HTTP 429 Too Many Requests: what triggers it and how to handle it

A 429 Too Many Requests response means the server understood your request perfectly — and is refusing to handle it because you've sent too many in a given window. Unlike a 503 (server-side failure), a 429 is the server protecting itself from you specifically.

The definition ¶

429 Too Many Requests indicates the user has sent too many requests in a given amount of time ("rate limiting").

Per RFC 6585, 429 is a deliberate signal from the server. The response should include a Retry-After header telling you when to try again, either in seconds or as an HTTP date.

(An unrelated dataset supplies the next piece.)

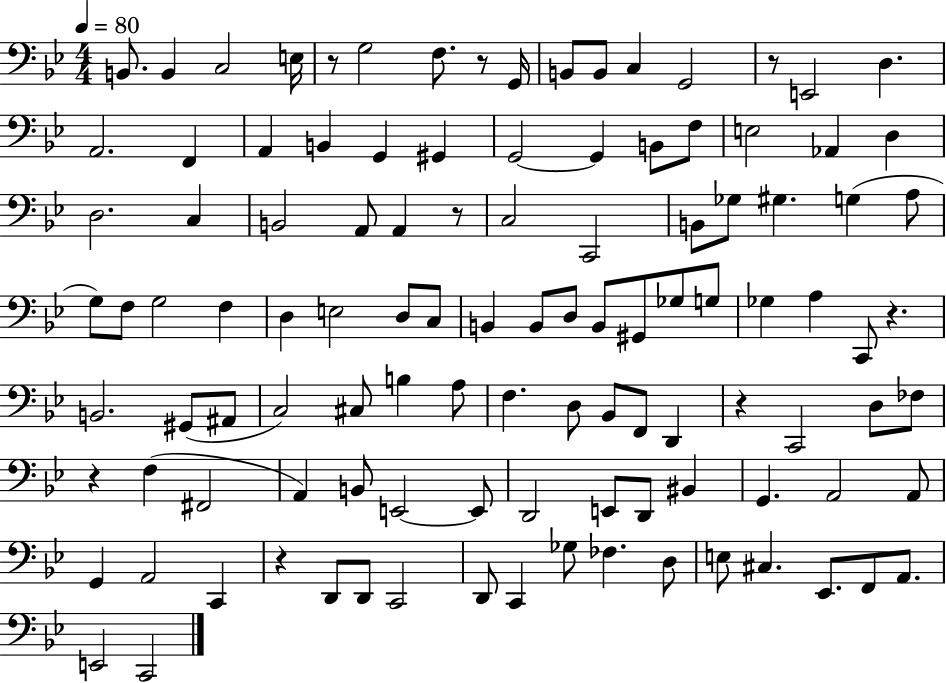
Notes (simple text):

B2/e. B2/q C3/h E3/s R/e G3/h F3/e. R/e G2/s B2/e B2/e C3/q G2/h R/e E2/h D3/q. A2/h. F2/q A2/q B2/q G2/q G#2/q G2/h G2/q B2/e F3/e E3/h Ab2/q D3/q D3/h. C3/q B2/h A2/e A2/q R/e C3/h C2/h B2/e Gb3/e G#3/q. G3/q A3/e G3/e F3/e G3/h F3/q D3/q E3/h D3/e C3/e B2/q B2/e D3/e B2/e G#2/e Gb3/e G3/e Gb3/q A3/q C2/e R/q. B2/h. G#2/e A#2/e C3/h C#3/e B3/q A3/e F3/q. D3/e Bb2/e F2/e D2/q R/q C2/h D3/e FES3/e R/q F3/q F#2/h A2/q B2/e E2/h E2/e D2/h E2/e D2/e BIS2/q G2/q. A2/h A2/e G2/q A2/h C2/q R/q D2/e D2/e C2/h D2/e C2/q Gb3/e FES3/q. D3/e E3/e C#3/q. Eb2/e. F2/e A2/e. E2/h C2/h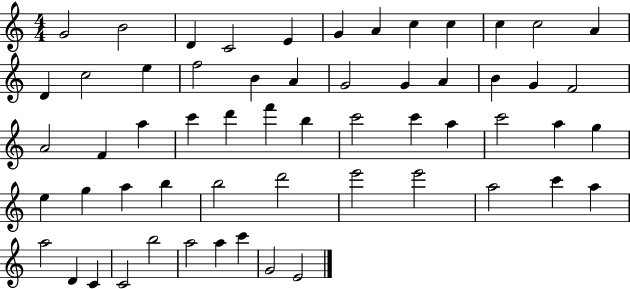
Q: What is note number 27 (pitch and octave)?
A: A5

429 vs 503 vs Cloudflare 1015 ¶

Code	Layer	Cause	Fix
429	Application	You exceeded an explicit per-client rate limit	Back off; respect `Retry-After`
503	Server	Server is overloaded or in maintenance	Wait; the issue isn't yours specifically
Cloudflare 1015	Edge / CDN	Rate limit applied by the site's CDN before reaching origin	Same as 429 — back off; see our 1015 explainer

The practical difference: 429 means "you, specifically, are being throttled." 503 means "everyone is having a bad time right now."

What triggers a 429 ¶

Per-IP rate limits. An API allows N requests per minute per source IP; you exceeded N.
Per-API-key limits. Most paid APIs (Stripe, Twilio, OpenAI) cap request rates per key. The free tier is the most aggressive.
Burst limits. Even within a per-minute budget, sending all N requests in the same second can trip a burst detector.
Global limits. Some endpoints have shared tenant-wide quotas; one customer's burst can cause 429s for others.
Bot-detection rate limits. Cloudflare, AWS WAF, and similar services emit 429 (or sometimes 403) when traffic patterns look automated.

Reading the response ¶

A well-behaved server tells you exactly when to retry. Three headers worth checking:

HTTP/1.1 429 Too Many Requests
Retry-After: 30
X-RateLimit-Limit: 100
X-RateLimit-Remaining: 0
X-RateLimit-Reset: 1714000000

Retry-After: 30 — wait 30 seconds. May also be an HTTP date.
X-RateLimit-Remaining: 0 — confirms you exhausted your quota.
X-RateLimit-Reset — Unix timestamp when the quota refills (not standardized, varies by vendor).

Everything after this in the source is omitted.